Could someone please comment on these synonyms for marriage, specifically in answer to these questions:
--which is most common in MSA, such as newspapers, etc?
--which are most common in dialects, if any?
--any other info re: usage

*زواج - عرس - زفاف - قران - نكاح*And by marriage, I'm thinking of matrimonial marriage, not figurative marriage, as in "a marriage of ideas and money".

Many thanks,
Greg


----------



## cherine

greg from vancouver said:


> *زواج - عرس - زفاف - قران - نكاح*


zawaaj زواج is marriage, the marital relationship.
3urs عرس is the wedding ceremony/party
zifaaf زفاف is the wedding party. There's a verb zaffa زفَّ which is used in sentences like: زُفَّت إلى زوجها الأسبوع الماضي but also: زفَّ إلينا الخبر السعيد which means: he gave us the happy/good news.
qiraan قران is the ceremony of writing the marriage contract. The expression is 3aqd al-qiraan عقد القران 
nikaa7 نكاح means both marriage and -less used maybe- sexual relation.


> Could someone please comment on these synonyms for marriage, specifically in answer to these questions:
> --which is most common in MSA, such as newspapers, etc?
> --which are most common in dialects, if any?


Most used are:
زواج to mean marriage, زفاف and عرس to mean wedding

In the Egyptian dialect:
- marriage: gawaaz جواز (where few letters exchanged place and ج is pronounced as "g" and not "j")
- wedding: fara7 فرح for muslims and ikliil إكليل for Christians

By the way, in MSA I don't think qiraan, nikaa7 are used at all *in Christian contexts/usage*, and I'm not sure about 3urs and zifaaf.


----------



## linguist786

cherine said:


> nikaa7 نكاح means both marriage and -less used maybe- sexual relation.


We use "nikaa7" to mean the actual ceremony where the vows are exchanged.


			
				cherine said:
			
		

> By the way, in MSA I don't think qiraan, *nikaa7* are used at all, and I'm not sure about 3urs and zifaaf.


Really?
قال الرسول (صلى الله عليه وسلم): *النكاح* من سنتي فمن رغب عن سنتي فليس مني


----------



## cherine

Mohammed, I was speaking about the *Modern* Standard Arabic.
Of course the word is used in Classical Arabic, and is even mentioned in the Qur'an. 


Edit:
Ooops, you're right, I was speaking about Christian usage in MSA.  

I'll edit my post.


----------



## Alijsh

Dear Cherine, we say ezdevâj (ازدواج) for marriage.
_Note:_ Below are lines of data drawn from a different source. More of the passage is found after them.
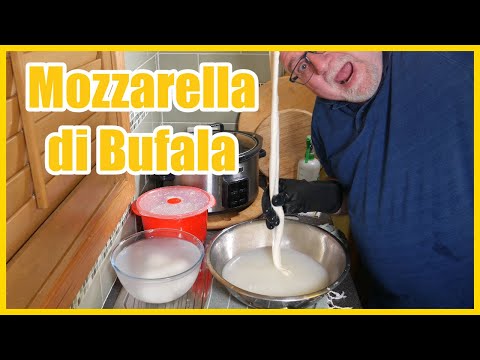 The Secret to Making Delicious Mozzarella di latte di Bufala! (Buffalo Mozzarella)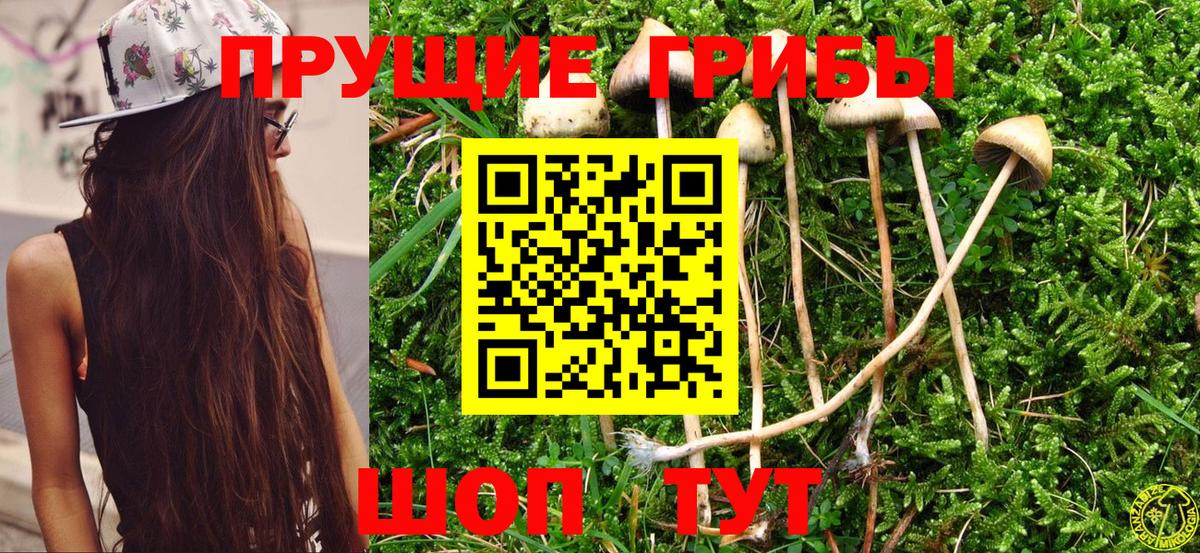 Псилоцибиновые грибы Psilocybine cubensis Евпатория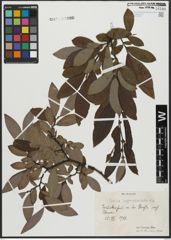 Foto von Salix appendiculata Vill.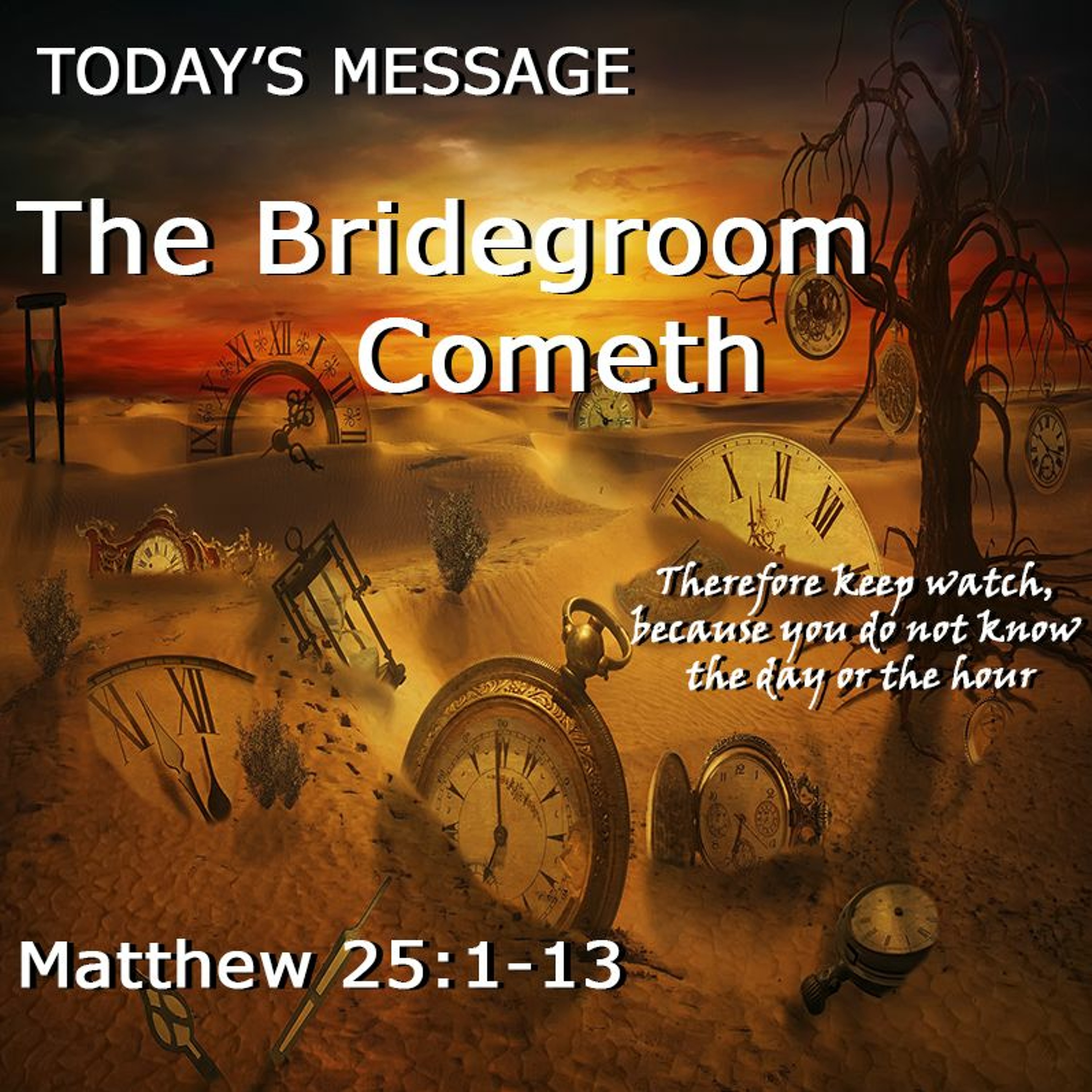 The Bridegroom Cometh episode artwork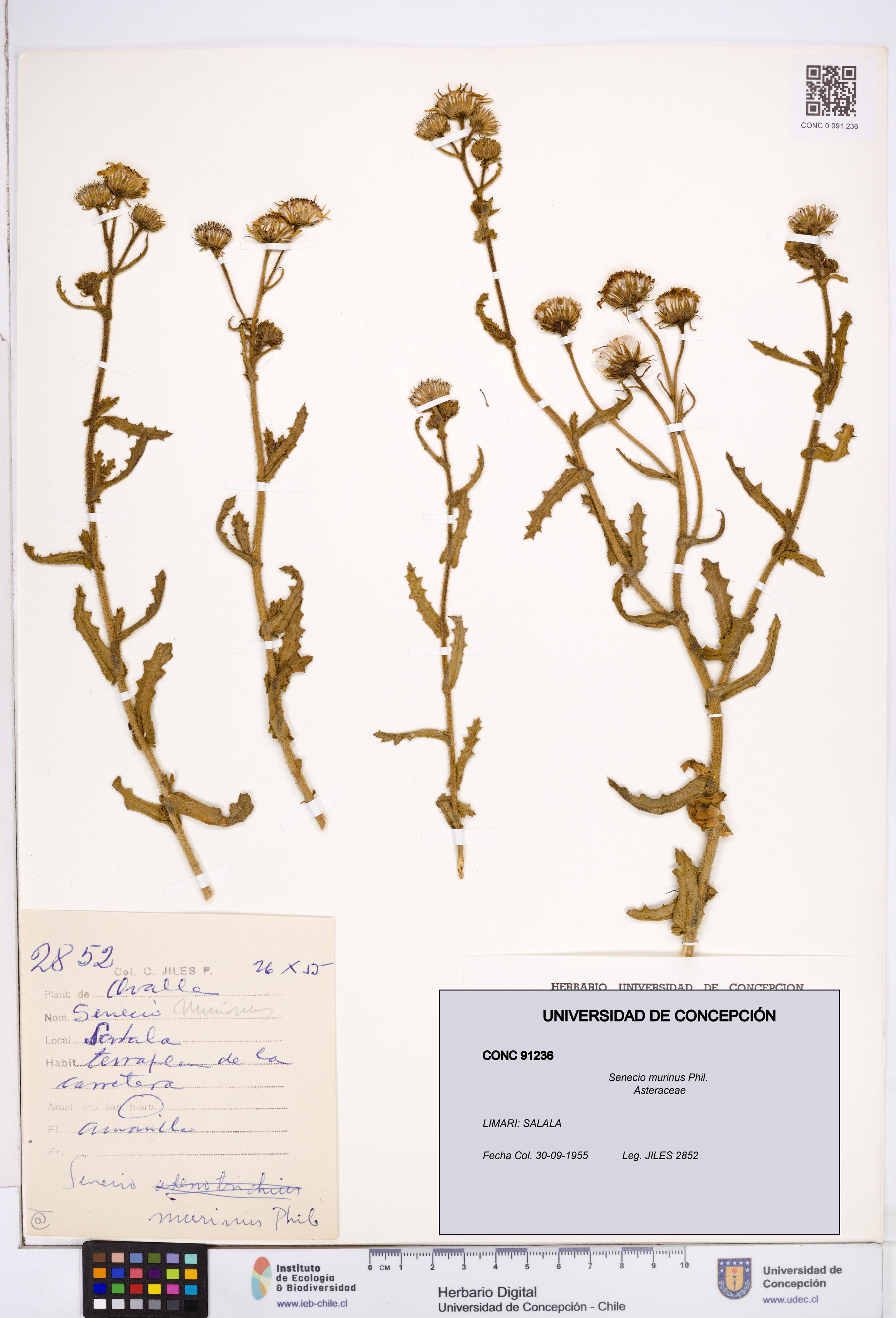 Senecio murinus [Espécimen: ]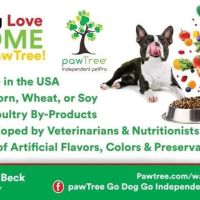 Pawtree go dog go Independent petpro ico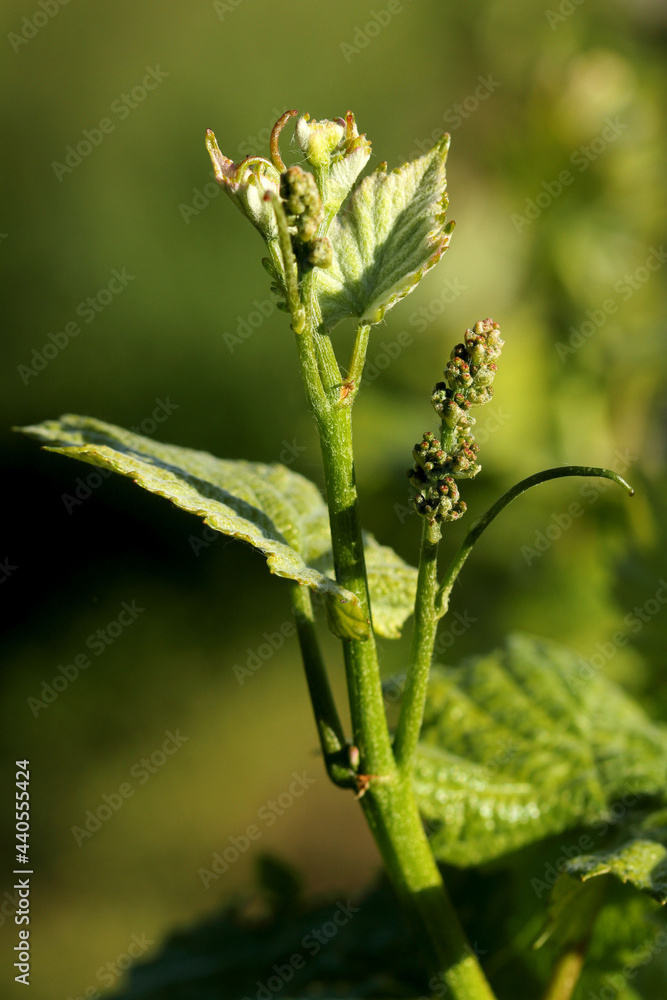 Vigne - jeunes pousses - grappes de raisin Vigne - jeunes pousses - grappes de raisin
Don't you have it?


linguist786 said:


> قال الرسول (صلى الله عليه وسلم): *النكاح* من سنتي فمن رغب عن سنتي فليس مني


I think *min* is redundant: *النكاح* سنتي فمن . We say so in Iran.​


----------



## cherine

Alijsh said:


> Dear Cherine, we say ezdevâj (ازدواج) for marriage. Don't you have it?


The word izdiwaaj ازدواج means double. A famous psychological term is  ازدواج الشخصية which means that someone has a double personality, or two personalities in one person.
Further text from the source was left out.